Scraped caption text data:
+-------+

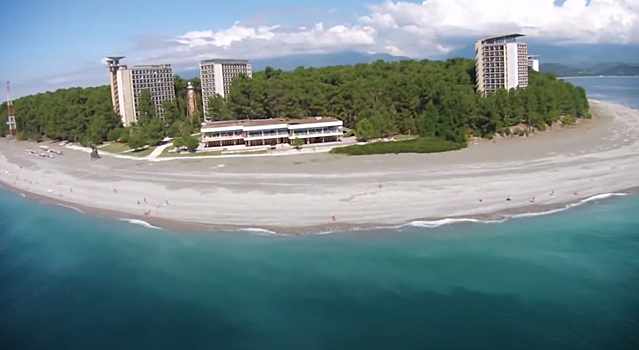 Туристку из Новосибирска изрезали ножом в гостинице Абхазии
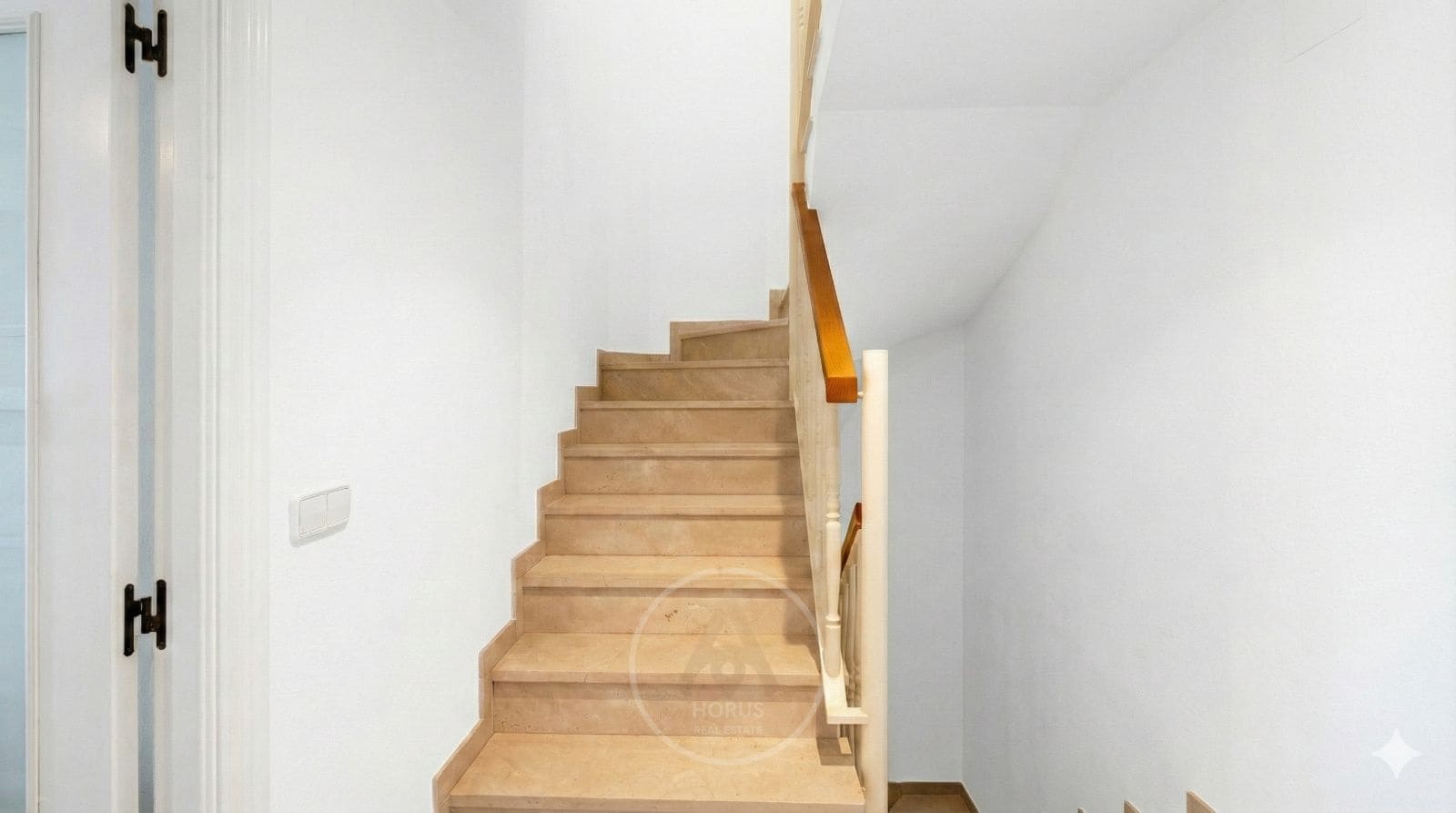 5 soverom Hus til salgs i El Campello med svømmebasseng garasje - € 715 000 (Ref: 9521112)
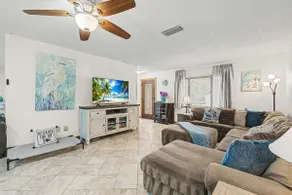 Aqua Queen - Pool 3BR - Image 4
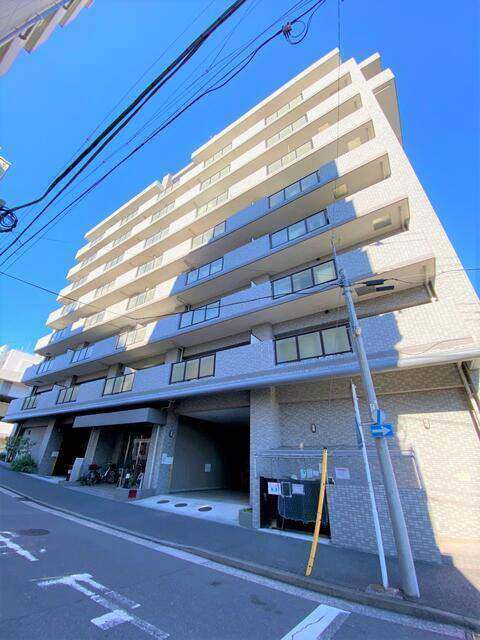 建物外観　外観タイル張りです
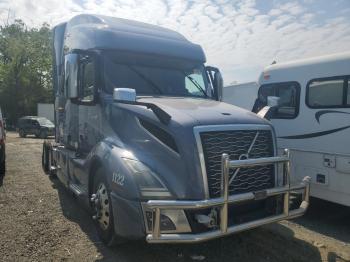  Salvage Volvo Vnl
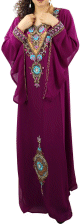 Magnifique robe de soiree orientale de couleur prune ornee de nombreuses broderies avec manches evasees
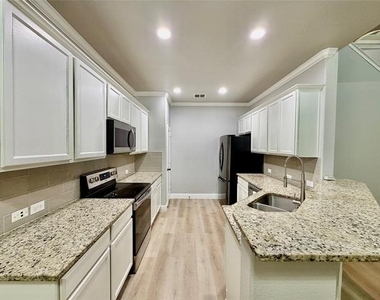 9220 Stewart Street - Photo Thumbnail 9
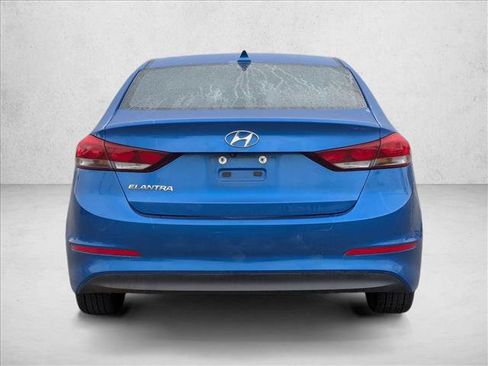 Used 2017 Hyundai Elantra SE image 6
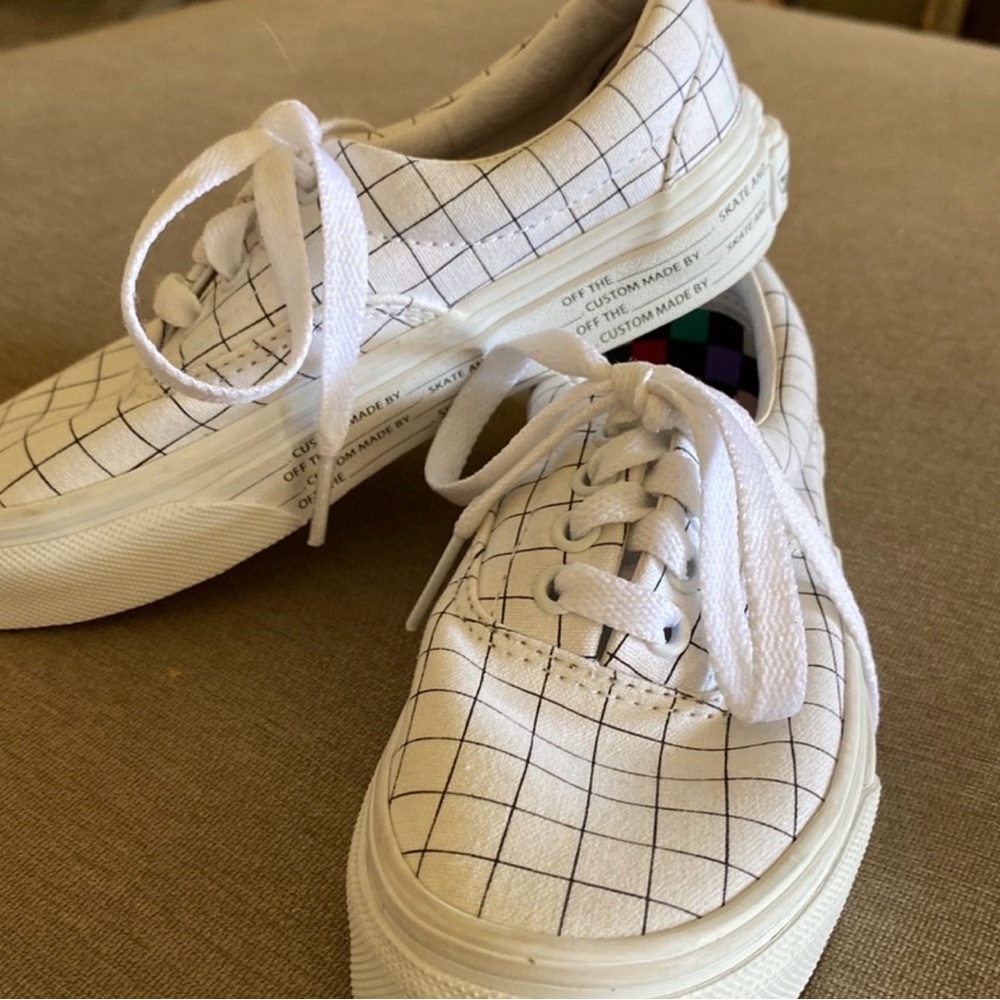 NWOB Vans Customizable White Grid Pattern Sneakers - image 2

+-------+

- **What this task involves**: Without the pictures, reproduce the entries exactly.

- **Output of the task**:
 Туристку из Новосибирска изрезали ножом в гостинице Абхазии
 5 soverom Hus til salgs i El Campello med svømmebasseng garasje - € 715 000 (Ref: 9521112)
 Aqua Queen - Pool 3BR - Image 4
 建物外観　外観タイル張りです
  Salvage Volvo Vnl
 Magnifique robe de soiree orientale de couleur prune ornee de nombreuses broderies avec manches evasees
 9220 Stewart Street - Photo Thumbnail 9
 Used 2017 Hyundai Elantra SE image 6
 NWOB Vans Customizable White Grid Pattern Sneakers - image 2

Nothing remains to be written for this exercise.